Essa é a análise que dois grupos de pesquisa da Europa e dos Estados Unidos fizeram com base nas chamadas INDCs, conjunto de compromissos que os 195 países integrantes da Convenção do Clima das Nações Unidas foram convidados a apresentar como contribuição para a conferência que acontece em Paris em dezembro.
O prazo para a entrega desses dados era esta quinta-feira, 01 de outubro de 2015. Até as 23 horas, 120 nações, representando cerca de 85% das emissões do planeta, apresentaram suas metas. O fato de tantos países terem tomado essa atitude é considerado positivo, porque mostra um compromisso de agir para combater o aquecimento global, mas ainda está aquém do necessário para evitar um futuro de mudanças climáticas mais severas. Dependendo do cálculo, pode-se ter uma redução mínima de emissões até 2030.
O “calcanhar de Aquiles” passa a ser China e Índia. A China só tinha dito que vai alcançar o pico de suas emissões daqui a 15 anos. Já a Índia, um dos último países a apresentar sua proposta, se comprometeu ontem a reduzir a intensidade de emissões por PIB em 33% a 35% até 2030, com base nos níveis de 2005.
Isso significa reduzir a quantidade de CO2 que é emitida por unidade de PIB gerada. O país se comprometeu também a absorver de 2,5 Gt a 3 Gt de CO2 equivalente através de florestas adicionais. Mas analisando outros dados que o país menciona no documento, como um aumento da população de 1,2 bilhão de pessoas em 2014 para 1,5 bilhão em 2015, e um aumento do PIB per capita de US$ 1.408 para US$ 4.205, as emissões podem ser muito mais altas que as atuais.
A conversão das metas em temperatura foi feita pelo programa Climate Action Tracker, composto por instituições europeias como o Instituto Potsdam para Pesquisa sobre Impactos Climáticos, e pelo Climate Interactive, com pesquisadores da Escola Sloan de Administração do Instituto de Tecnologia de Massachusetts (MIT).

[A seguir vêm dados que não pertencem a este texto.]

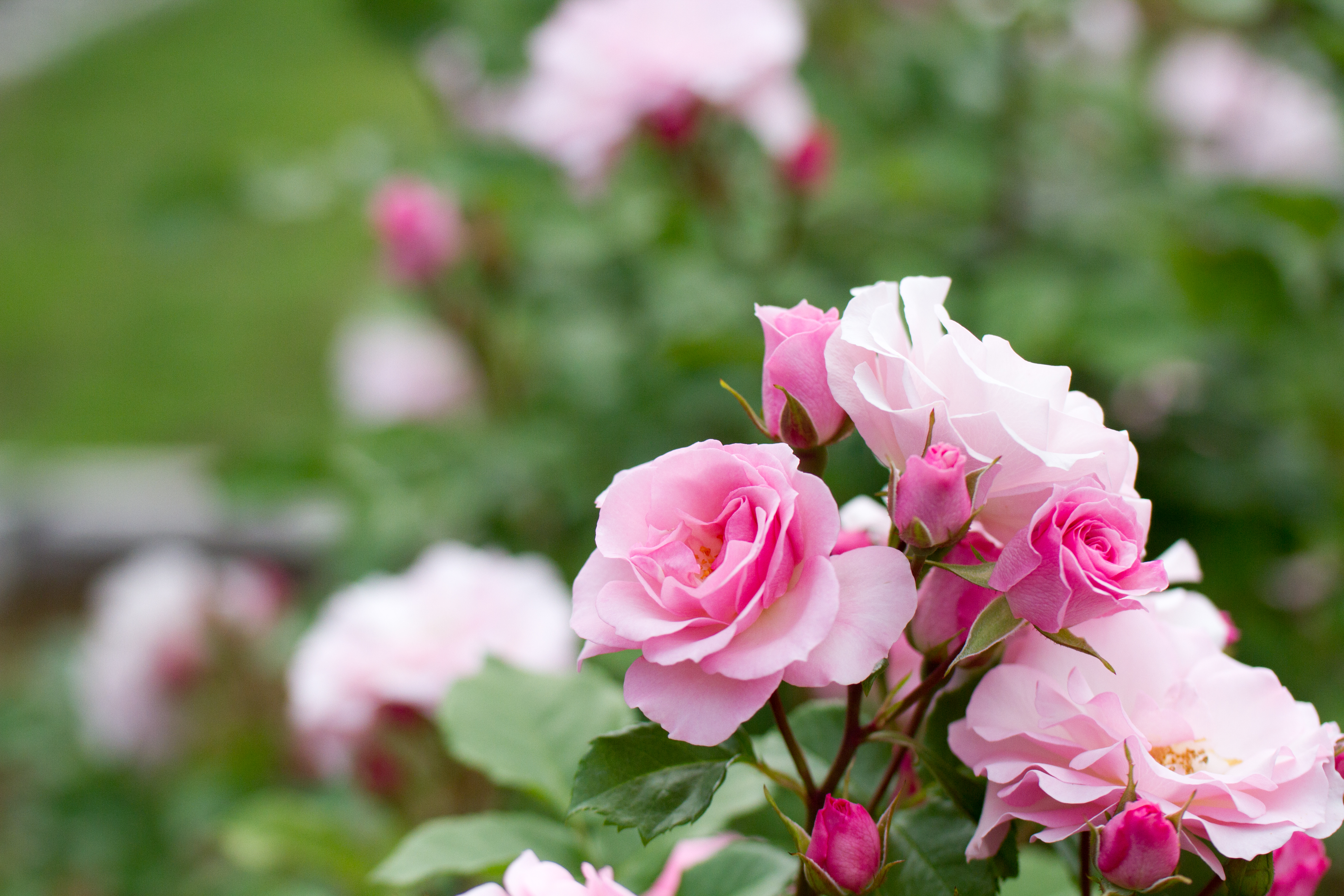 上の写真はこのような状況で撮影しました。連なる花の中からひとつだけ主役を見つけて近付いて撮ってみましょう。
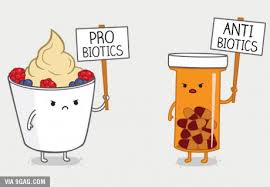 anti pro biotics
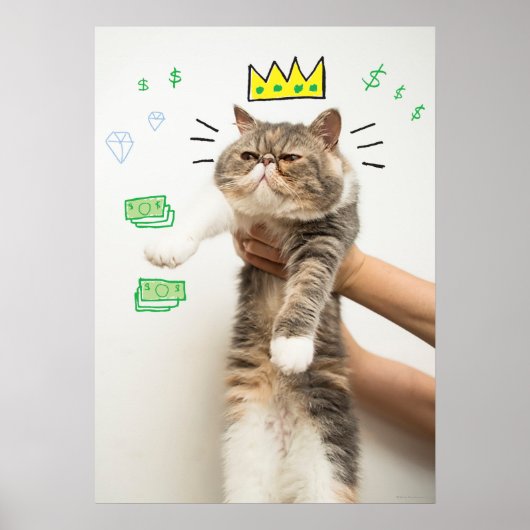 Rich King Cat Poster (Voorkant)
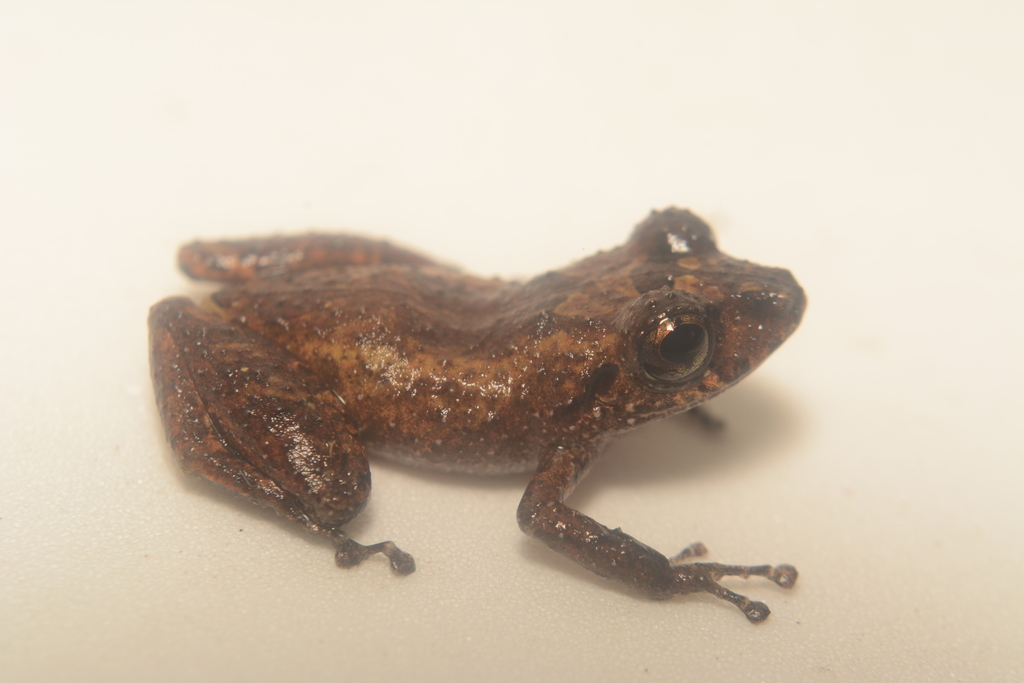 Buenaventura Rainfrog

O primeiro chegou ao valor de 2,7°C, com base na análise das metas apresentadas por 19 países, que representam 71% das emissões do planeta. Eles fizeram o cálculo antes de a Índia (que aumenta a representatividade para 84% das emissões) apresentar seus dados e trabalharam com uma estimativa de que a meta do país seria reduzir entre 35% e 45% a intensidade de carbono por PIB.

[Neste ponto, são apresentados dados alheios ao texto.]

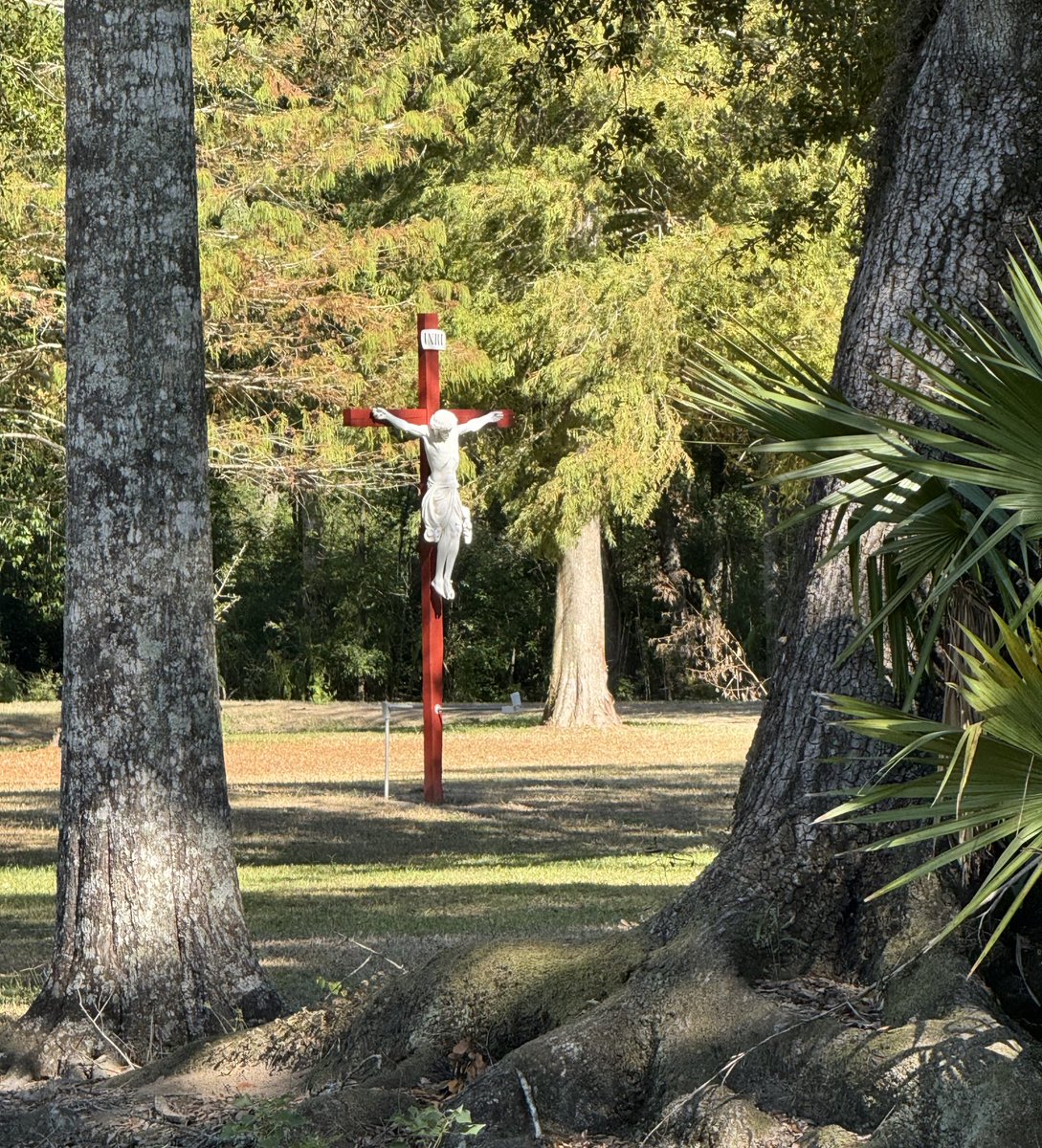 ErictheCatholic's tweet photo. Glory to Jesus Christ. Now and forever. https://t.co/jNOMJ1LKNg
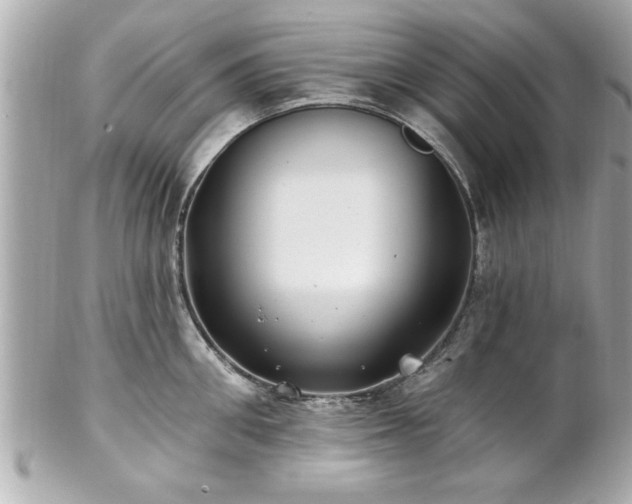 X0000102490906200808151453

Já o Climate Interactive estima que o aumento da temperatura pode ser de 3,5°C, com uma margem de incerteza que vai de 2,1 °C a 4,6°C.
Impactos
“Um mundo acima de 3°C pode ter extinção de no mínimo 15% de todas as espécies vivas do planeta. Acima de 3,5°C cria enormes dificuldades para a agricultura de cereais no Brasil. Os extremos vão ocorrer com mais frequência e talvez com mais intensidade. É uma grande mudança climática”, comenta Carlos Nobre, um dos principais climatologistas do Brasil.
“O que hoje ocorre a cada 100 anos, como a seca que atingiu o Sudeste do País em 2014, num futuro mais quente, vai ser mais comum. Não sabemos a frequência de repetição, mas eles vão se alternar com mais rapidez para os dois lados, tanto mais secas quanto mais chuvas, e vamos ter de aprender a lidar com isso, a infraestrutura terá de se adaptar a maior variabilidade dos extremos”, complementa o pesquisador.
Além disso, com cerca de 4°C, o nível do mar pode subir até 1 metro. Já subiu 20 centímetros desde a Revolução Industrial. “Grandes cidades costeiras do Brasil, onde vivem milhares de pessoas estão de 1 a 3 metros do nível do mar. A zona oeste de Jacarepaguá, no Rio, por exemplo, está entre 0,5 e 1 metros do nível do mar”, continua Nobre.
Ele lembra que vários rios da baixada fluminense também estão praticamente no nível do mar, e as várzeas desses rios serão inundadas. “Hoje já temos inundações por conta dessas condições. Mas se o nível do mar estiver 1 metro mais alto, será muito pior”, explica.